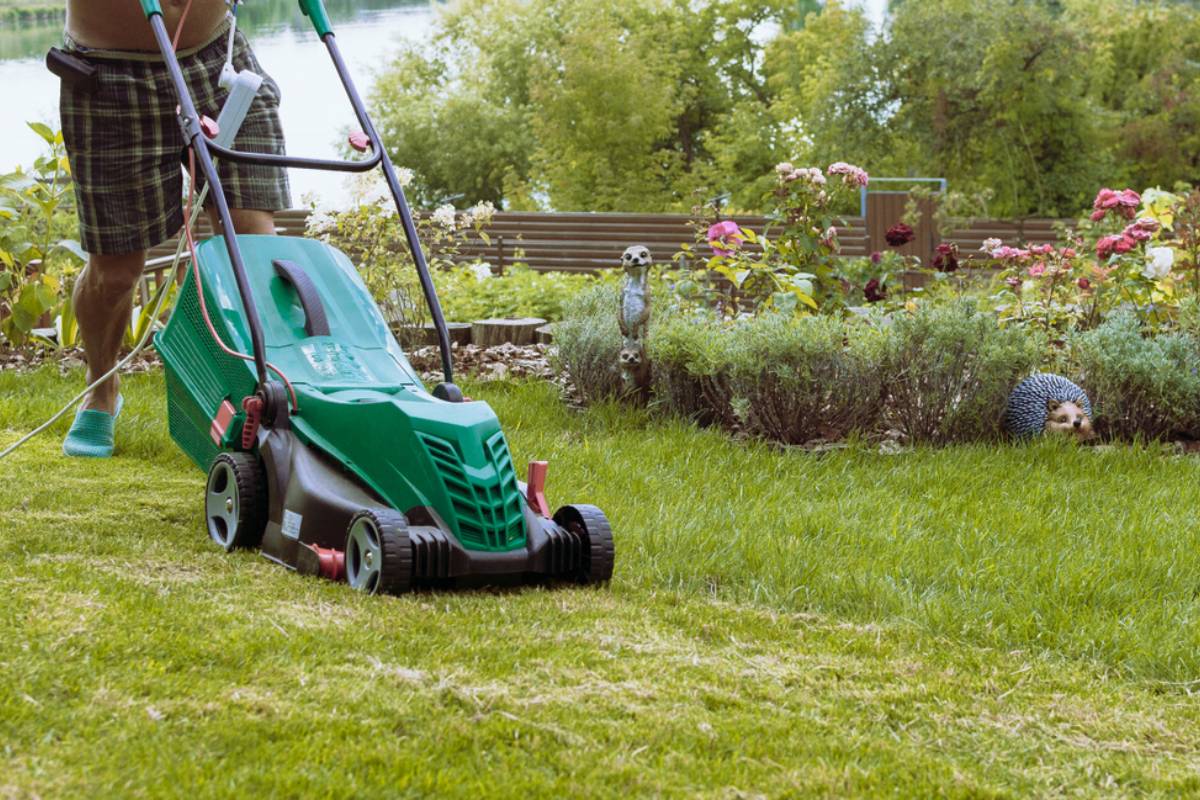 Homeowner Says a Lawn Crew Was Shown Exactly What to Protect, Then Returned With Mowers That Tore Through His Blackberry Patch, Lemon Tree, and Garden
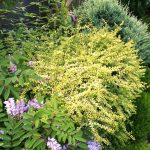 Lonicera nitida 'Baggesen's Gold'          - Élénk sárgás levelű talajtakaró lonc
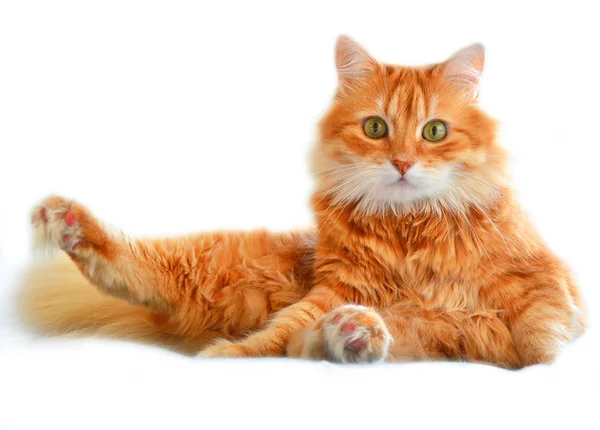 The portrait of funny red cat, isolated on a white — Stock Photo, Image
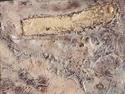 Remains (thumbnail)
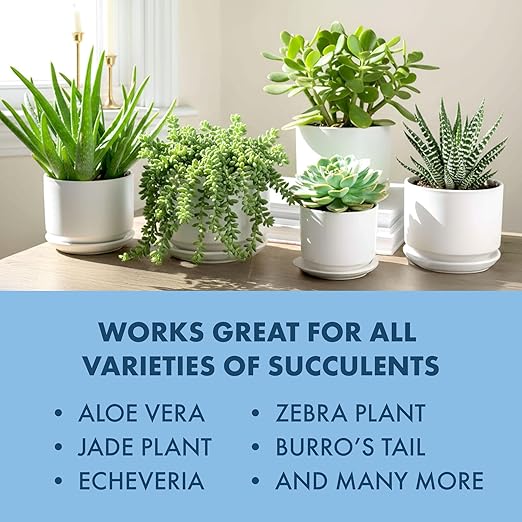 Succulent Plant Food for Succulents, Cactus, Jade and Aloe, Liquid Houseplant Fertilizer 8 oz (250mL)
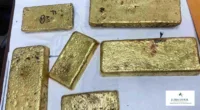 Gold Smuggling | Ahmedabad Customs Seizes Gold Worth Rs. 25.57 Crore At Surat Airport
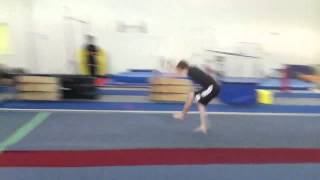 Full twisting double pike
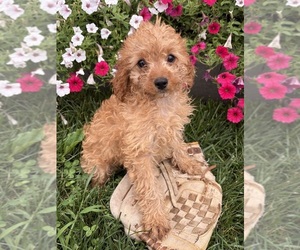 Cavapoo mix (+ Poodle Miniature) Puppy for sale in MIDDLEBURY, IN, USA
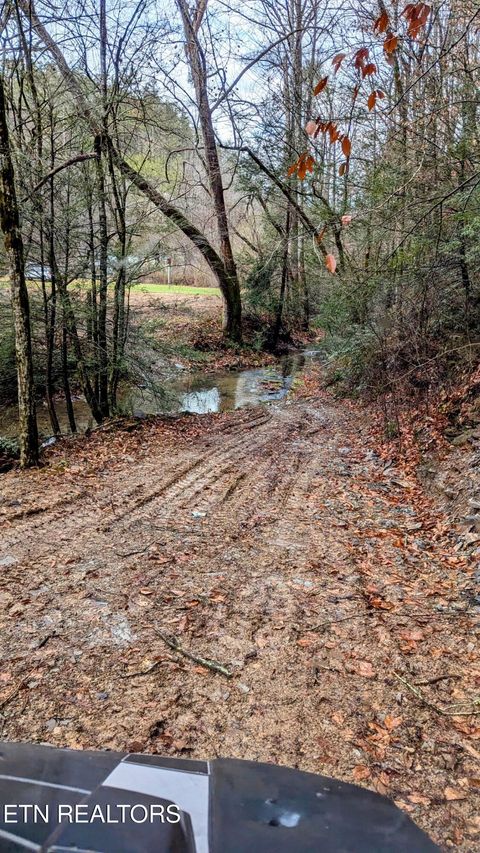 Tiny photo for Carrs Creek Rd, Townsend, TN 37882 (MLS # 1338777)
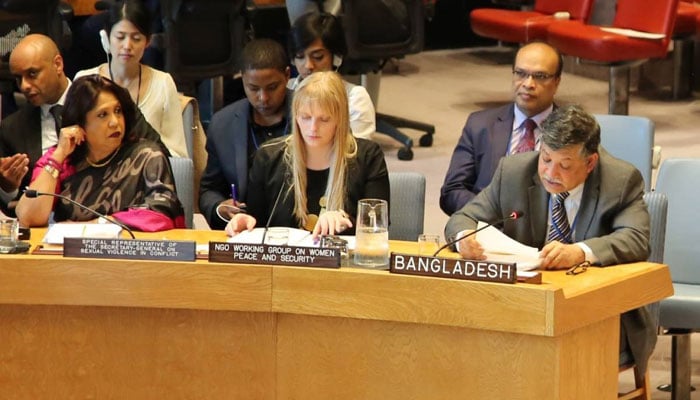 UNSC cannot avoid responsibility over Rohingya crisis: Bangladesh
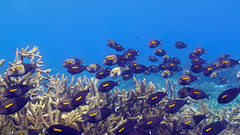 Acanthurus olivaceus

» **TO DO**: Write out the records above exactly. Begin with the first line, end with the line holding "Succulent Plant Food", and drop the pictures.

» **ANSWER SPACE**:
 Homeowner Says a Lawn Crew Was Shown Exactly What to Protect, Then Returned With Mowers That Tore Through His Blackberry Patch, Lemon Tree, and Garden
 Lonicera nitida 'Baggesen's Gold'          - Élénk sárgás levelű talajtakaró lonc
 The portrait of funny red cat, isolated on a white — Stock Photo, Image
 Remains (thumbnail)
 Succulent Plant Food for Succulents, Cactus, Jade and Aloe, Liquid Houseplant Fertilizer 8 oz (250mL)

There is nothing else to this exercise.